If you like power in your small SUV, the Escape delivers in excess. You can zip away from stoplights, and the six-speed SelectShift automatic is fairly smooth.

Escape feels pretty upscale, and the interior is quiet. Handling edges toward sporty, but with a heavy wheel feel. There is some lean in turns though.

Ride is on the firm side despite Escape’s 105.9-inch wheelbase. Part of that may be its 19-inch low-profile tires. Low-pros deliver a notoriously stiff ride.

Braking comes from four-wheel discs, the front being vented, and this model comes with full-time all-wheel drive. Properly equipped, Escape can tow up to 3,500 pounds, allowing you to haul a small camper or aluminum fishing boat.

The Titanium trim upgrades to partial leather seats, these being a black leather and cloth mix. The tech upgrades include rear parking sensors and a power hatch. There also are fog lamps, roof rack and rails, a 10-way power driver’s seat with three memory settings, heated front seats (five levels), remote start, heated side mirrors, a premium sound system, Sync voice-activated stereo system and tire pressure monitors.

Ford Escape Titanium 2

If you can do without some electronic doodads, a base Escape S with front-wheel drive starts at $22,470.
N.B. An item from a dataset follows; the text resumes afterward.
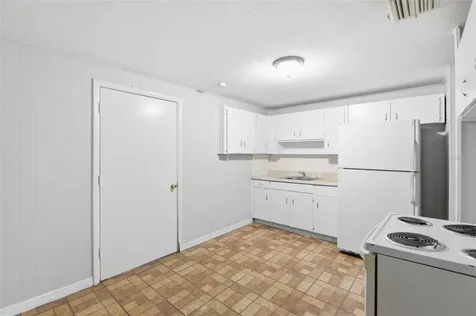 3008 N 43rd Street Tampa FL 33605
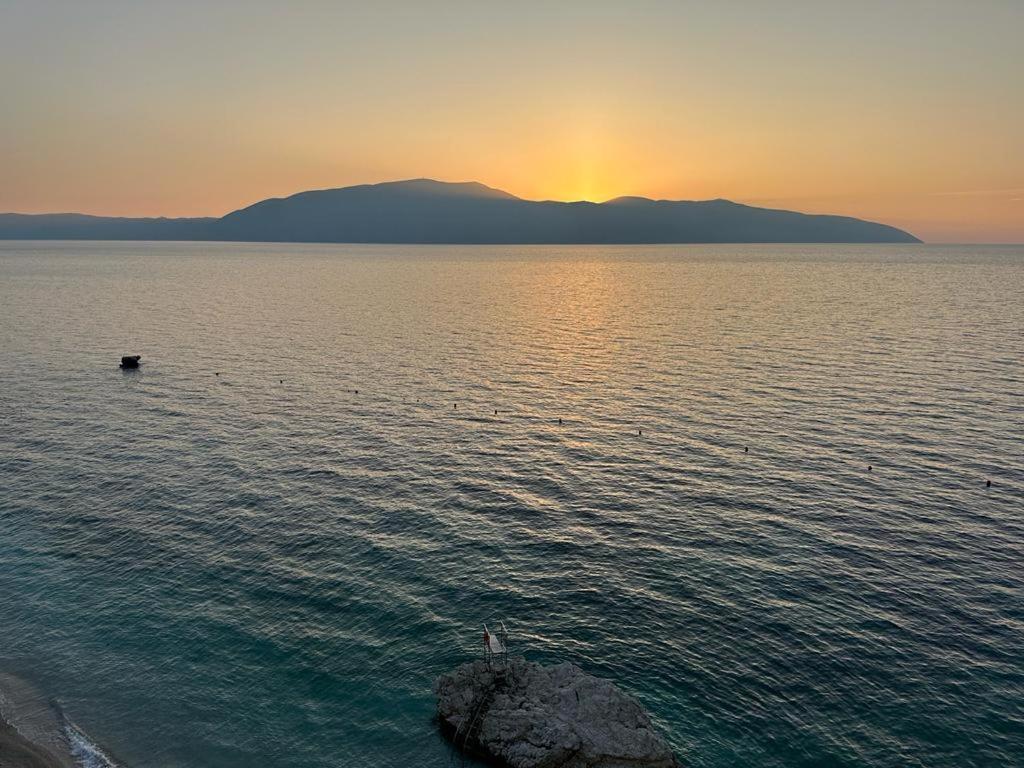 Beachfront With Hotel Facilities Vlorë Eksteriør billede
If you can do without some electronic doodads, a base Escape S with front-wheel drive starts at $22,470.

If you can do without some electronic doodads, a base Escape S with front-wheel drive starts at $22,470.

Yet even with all that, and the Titanium’s higher entry price of $32,130 plus $825 destination charge, the test SUV added MyFord Touch/HD Sirius radio with navigation system for $795, and a parking technology package that includes blind-spot detection, active park assist and a rear-view camera for $995. That accounted for the tester’s nearly $35,000 sticker.

If you can do without some electronic doodads, a base Escape S with front-wheel drive starts at $22,470. It’s powered by a 2.5-liter I4 that creates a reasonable 168 horsepower and earns it a 22 mpg city and 31 mpg highway rating. Moving up to the SE model with AWD puts the price at $26,820.

Inside, those partial leather seats are powered and easy to adjust. There is a power lumbar support, and headroom is good up front while legroom is limited in back, especially if a front seat is moved most of the way back. The Escape will carry four average-size adults comfortably, with generous luggage space (34.3 cubic feet) behind the second seat. I liked the power hatch, too.

Escape’s attractive gauges feature neon blue needles that offer great visibility day or night. There’s a tilt-telescope steering wheel, with the usual assortment of controls on the hub, including flat round TV remote-style buttons for the radio and trip computer. Large clunky plastic controls hang off the hub for phone and cruise controls.

The radio is less than intuitive and a pain to operate while driving. There is the Sync system created by Microsoft that allows you to call up tunes by voice command. That could help alleviate the complicated audio control situation.

Ford’s large navigation/radio screen is easy to see, but the touch-screen buttons for radio channel selection are tiny, making them hard to use while driving.

Ford Escape Titanium interior

Never underestimate the power of good design. The new Escape is snazzy-looking with more aggressive styling than the old boxy model.

Never underestimate the power of good design. The new Escape is snazzy-looking with more aggressive styling than the old boxy model. Some say it looks like Kia’s Sportage.

You may be surprised to find out though that Ford no longer makes an Escape hybrid. A gas-electric version is expected and the hybrid is replaced by a 1.6-liter EcoBoost engine that creates 178 horsepower and is rated 24 mpg city and 33 highway. The former hybrid Escape was rated 34 mpg city. That’s a pretty big gap.

One final note: As of this writing there have been three recalls on the 2013 Escape since it was introduced in July. Ironically, that echoes what happened when the original Escapes were unveiled years ago. The latest recall is on models with 1.6-liter engines and is for a cup plug in the cylinder head possibly coming loose, allowing coolant to spray on the hot engine and ignite. This is the second recall for possible engine fires in the new Escape.